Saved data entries
▶

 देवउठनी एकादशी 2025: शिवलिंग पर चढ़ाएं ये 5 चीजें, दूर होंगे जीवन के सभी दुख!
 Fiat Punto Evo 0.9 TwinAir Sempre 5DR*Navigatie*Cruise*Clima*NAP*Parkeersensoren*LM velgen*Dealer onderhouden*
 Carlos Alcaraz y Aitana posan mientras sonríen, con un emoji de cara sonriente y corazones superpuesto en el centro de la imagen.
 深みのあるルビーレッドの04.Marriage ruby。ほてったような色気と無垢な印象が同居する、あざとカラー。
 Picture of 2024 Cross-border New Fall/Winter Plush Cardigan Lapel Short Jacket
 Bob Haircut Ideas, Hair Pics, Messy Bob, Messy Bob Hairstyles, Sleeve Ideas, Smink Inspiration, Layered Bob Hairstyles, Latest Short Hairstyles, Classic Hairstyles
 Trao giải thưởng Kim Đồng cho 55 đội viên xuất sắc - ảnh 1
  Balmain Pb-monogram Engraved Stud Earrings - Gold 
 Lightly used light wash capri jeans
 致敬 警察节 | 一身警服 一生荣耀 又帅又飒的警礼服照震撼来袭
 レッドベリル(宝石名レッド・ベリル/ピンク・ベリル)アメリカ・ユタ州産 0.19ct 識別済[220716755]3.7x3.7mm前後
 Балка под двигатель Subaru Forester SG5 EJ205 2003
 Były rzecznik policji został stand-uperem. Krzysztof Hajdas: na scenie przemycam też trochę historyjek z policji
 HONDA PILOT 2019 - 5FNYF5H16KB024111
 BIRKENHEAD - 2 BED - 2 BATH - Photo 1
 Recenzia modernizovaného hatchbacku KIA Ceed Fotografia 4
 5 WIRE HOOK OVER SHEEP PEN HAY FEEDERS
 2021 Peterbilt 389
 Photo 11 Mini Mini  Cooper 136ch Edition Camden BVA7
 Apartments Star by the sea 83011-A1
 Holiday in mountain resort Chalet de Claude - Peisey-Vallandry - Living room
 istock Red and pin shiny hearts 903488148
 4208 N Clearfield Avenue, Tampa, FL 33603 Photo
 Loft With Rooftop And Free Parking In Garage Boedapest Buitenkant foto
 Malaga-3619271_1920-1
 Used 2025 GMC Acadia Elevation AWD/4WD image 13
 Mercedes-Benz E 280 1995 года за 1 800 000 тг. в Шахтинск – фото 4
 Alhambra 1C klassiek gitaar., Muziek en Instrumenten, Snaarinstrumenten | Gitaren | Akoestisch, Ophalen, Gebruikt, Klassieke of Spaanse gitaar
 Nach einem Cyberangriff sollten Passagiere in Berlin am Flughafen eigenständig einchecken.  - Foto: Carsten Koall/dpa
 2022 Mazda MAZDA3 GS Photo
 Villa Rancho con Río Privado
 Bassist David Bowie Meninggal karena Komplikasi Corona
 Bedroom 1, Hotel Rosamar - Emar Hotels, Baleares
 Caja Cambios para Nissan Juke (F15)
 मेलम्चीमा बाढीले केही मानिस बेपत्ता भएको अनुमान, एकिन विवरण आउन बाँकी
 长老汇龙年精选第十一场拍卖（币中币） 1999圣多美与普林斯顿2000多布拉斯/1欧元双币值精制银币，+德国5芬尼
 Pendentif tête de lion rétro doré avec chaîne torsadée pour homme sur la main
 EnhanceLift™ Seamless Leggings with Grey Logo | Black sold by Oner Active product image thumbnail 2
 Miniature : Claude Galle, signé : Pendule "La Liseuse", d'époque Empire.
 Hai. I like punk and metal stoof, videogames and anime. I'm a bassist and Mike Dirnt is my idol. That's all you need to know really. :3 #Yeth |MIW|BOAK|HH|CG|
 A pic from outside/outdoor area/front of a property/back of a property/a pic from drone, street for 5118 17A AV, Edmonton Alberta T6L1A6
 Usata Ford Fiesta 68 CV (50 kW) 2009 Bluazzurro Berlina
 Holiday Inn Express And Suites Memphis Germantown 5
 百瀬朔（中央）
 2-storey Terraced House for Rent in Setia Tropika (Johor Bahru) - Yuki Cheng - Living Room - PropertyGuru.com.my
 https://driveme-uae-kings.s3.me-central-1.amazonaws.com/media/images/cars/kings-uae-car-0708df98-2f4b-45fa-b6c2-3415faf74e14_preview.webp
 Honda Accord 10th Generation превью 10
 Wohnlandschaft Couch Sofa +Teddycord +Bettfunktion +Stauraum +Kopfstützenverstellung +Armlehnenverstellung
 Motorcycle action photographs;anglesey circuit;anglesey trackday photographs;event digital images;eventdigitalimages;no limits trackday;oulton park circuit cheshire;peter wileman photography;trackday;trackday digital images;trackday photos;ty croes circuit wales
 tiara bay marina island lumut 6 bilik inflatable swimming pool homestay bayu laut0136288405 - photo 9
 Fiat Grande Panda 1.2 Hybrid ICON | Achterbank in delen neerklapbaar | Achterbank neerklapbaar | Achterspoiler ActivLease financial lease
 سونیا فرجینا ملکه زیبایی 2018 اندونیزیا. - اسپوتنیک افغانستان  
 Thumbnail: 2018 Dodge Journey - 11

◀

TASK PROMPT | Match on "Short": copy every line in the records that has it.

EXERCISE SOLUTION |
 Picture of 2024 Cross-border New Fall/Winter Plush Cardigan Lapel Short Jacket
 Bob Haircut Ideas, Hair Pics, Messy Bob, Messy Bob Hairstyles, Sleeve Ideas, Smink Inspiration, Layered Bob Hairstyles, Latest Short Hairstyles, Classic Hairstyles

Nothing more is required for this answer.